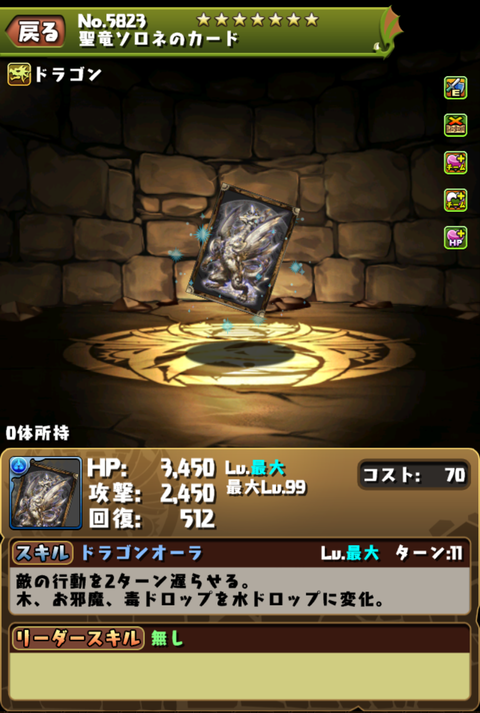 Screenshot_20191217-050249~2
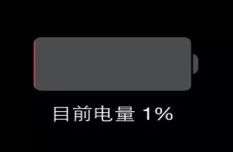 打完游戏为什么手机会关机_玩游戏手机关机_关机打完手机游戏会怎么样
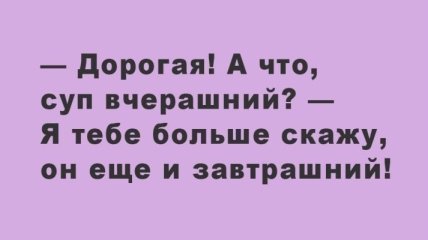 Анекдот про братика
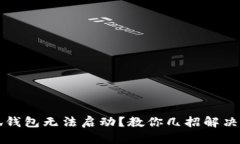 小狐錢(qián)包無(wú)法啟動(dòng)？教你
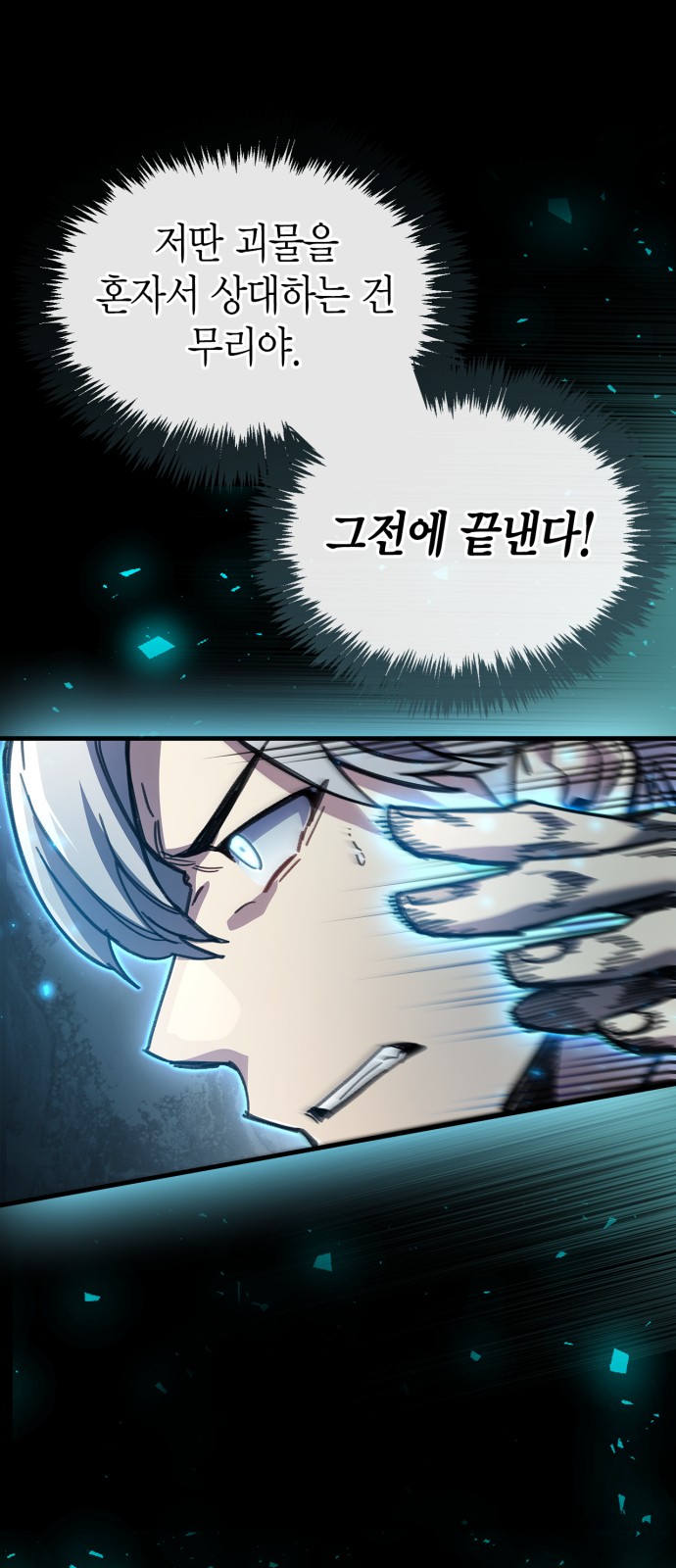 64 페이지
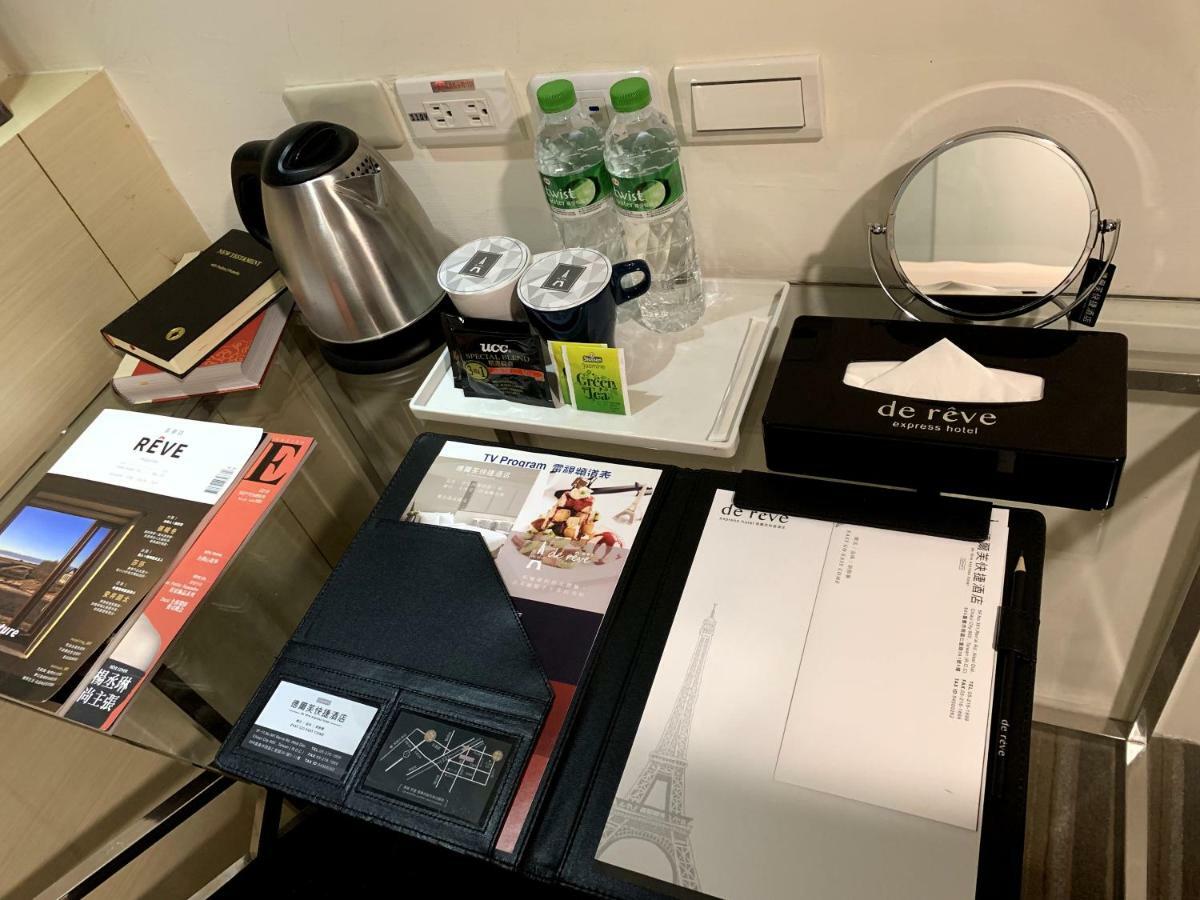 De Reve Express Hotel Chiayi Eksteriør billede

:::

*WORK INSTRUCTIONS*:
Please restate the whole listing exactly, without any of its pictures.

*RESULT FOR THIS TASK*:
 Screenshot_20191217-050249~2
 打完游戏为什么手机会关机_玩游戏手机关机_关机打完手机游戏会怎么样
 Анекдот про братика
 小狐錢(qián)包無(wú)法啟動(dòng)？教你
 64 페이지
 De Reve Express Hotel Chiayi Eksteriør billede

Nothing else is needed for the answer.